Тендряков хвалил мою повесть и ругал. Астафьев, Белов заметили публикацию “Зёрен”. Вот, видимо, и все события прошлого года. Тендряков пишет предисловие к книге, подарил свою, Астафьев прислал свою, это много для меня, это аванс. Они добры, они рады союзникам. Но я не стреляю, даже не подношу патроны, я в резерве, и кто знает, надежном ли. Они надеются, а я боюсь испытать свои силы. Писатель обязан быть современным, я — в стороне. Социальность — общество, а я насочинял из юности и взросления искусственных героев. Пытаются они чего-то вроде бы умное говорить и действием пример подавать, на деле же выходит христарадничание участия.
Заврался я. И в этой записи заврался. Как-то всё не так. Проще.
Жизнь одна. Потрясающая истина.
За ложь, бессилие, трусость начала меня в этом году бить бессонница. Так и надо. Пяль бестолковые глаза в темноту, пяль, может, чего увидишь.
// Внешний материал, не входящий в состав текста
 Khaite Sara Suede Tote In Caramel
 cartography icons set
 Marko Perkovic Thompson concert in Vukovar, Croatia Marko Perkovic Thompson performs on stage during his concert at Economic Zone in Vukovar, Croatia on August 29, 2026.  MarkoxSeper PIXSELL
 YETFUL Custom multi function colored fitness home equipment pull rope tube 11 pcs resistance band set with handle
Ночь. Перехитрил бессонницу, совсем не ложился. Но и дела не делал, возился с ванной: засорилась. Так до конца и не сделал. Струмента нет. Вода хрюпает в горловине, выхаркивает черную слизистую мерзость. Ничуть не противно: вспоминается МТС, загашенные головки блоков, которые доводил до рабочего состояния и до блеска.
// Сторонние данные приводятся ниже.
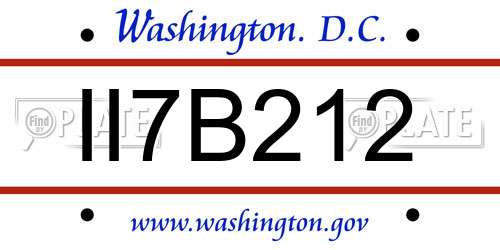 II7B212 District Of Columbia License Plate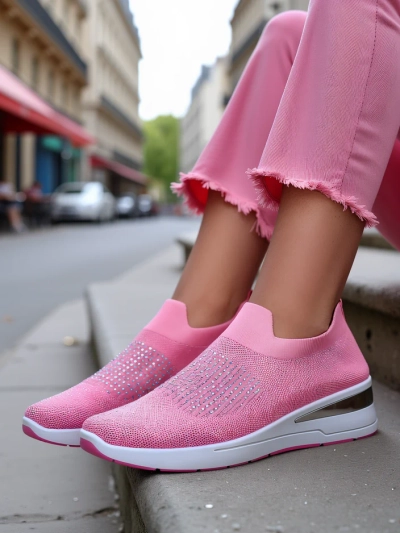 Baskets compensées pour femmes Royalfashion à enfiler avec des strass Qelavise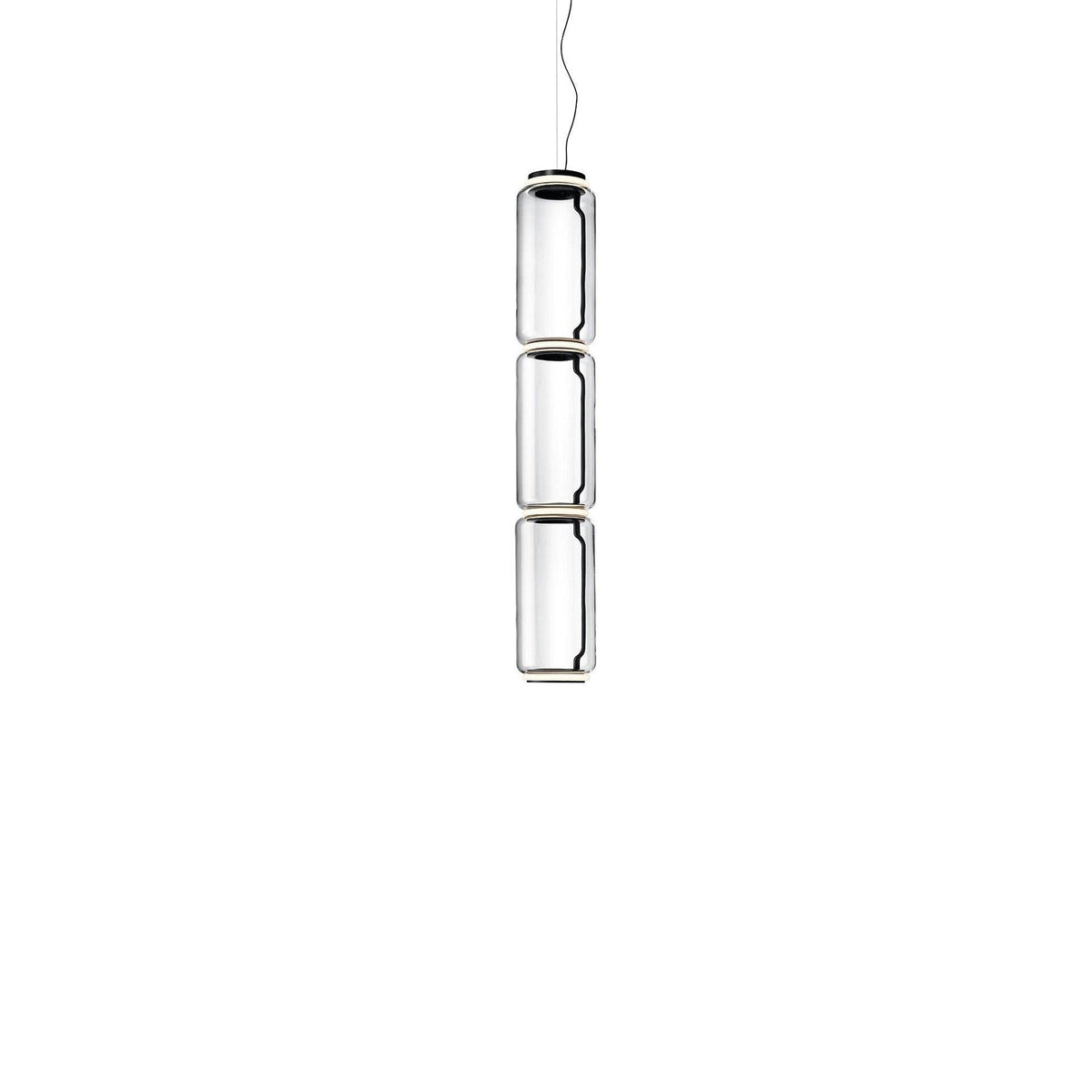 Studio shot of this Clérachic pendant's three-cylinder clear-glass stack on a plain white background.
Вечернее мое состояние было немножко ненормальным, очень я на себя раскипятился. Но сейчас, ночью, спокойнее могу повторить по-другому почти то же.
Злость на себя оправданна, пишу грамотно по языку, но по смыслу мелко. Ничего обращенного к совести. Взять “Тот самый Комаров” Астафьева и другое его же, это — к совести всех. А у меня, недоумка, даже позиция была: процесс есть процесс, на него не повлияешь, литература — вещь незначительная, в тяжкие минуты не до нее и т. д. Никого не осуждать, у каждого оправданность поступка и т. п. Все это не так уж неверно, но пассивно.
Очерка мне уже не написать, рассказа пока не сделал, так и стою нараскорячку. В башке мысли сикось-накось.
Но что-то полезное рождается внутри. Оттого, видно, и пустота. Не потерять момент, откреститься от влияний. Я частично был спасен тем, что когда говорили переделать рассказ, то не мог написать так, как требовалось. Это хорошо, но все-таки где-то засела (уходящая сейчас) зацепинка требуемого.
И вот вывод: что б ни говорили мне хорошего — а говорили много, пора и уши затыкать, — что б ни говорили, я искренне говорю сам себе: ты ничего не умеешь, ты ничего не написал, а если умеешь — докажи.
Литейщик Иван Козырев сказал: “Очень правильная эта наша советская власть”, получив квартиру с душем. Не много. А если б не получил?
4/I. Утром встал по будильнику, отвел дочь и лег спать. И спал весь день. Ночь сказалась. Уже четвертое, как полетели дни! Сдаю завтра повесть на машинку.
Вечер. Дописал последнюю сцену — разговор. Плохо, очень плохо. Каркас. Видимо, придется скатиться к описанию биографий, а не хотелось бы. Узнавание героев через действия. Характер должен сказать о предыдущей жизни, в которой сформировывался. Хватило бы намеков.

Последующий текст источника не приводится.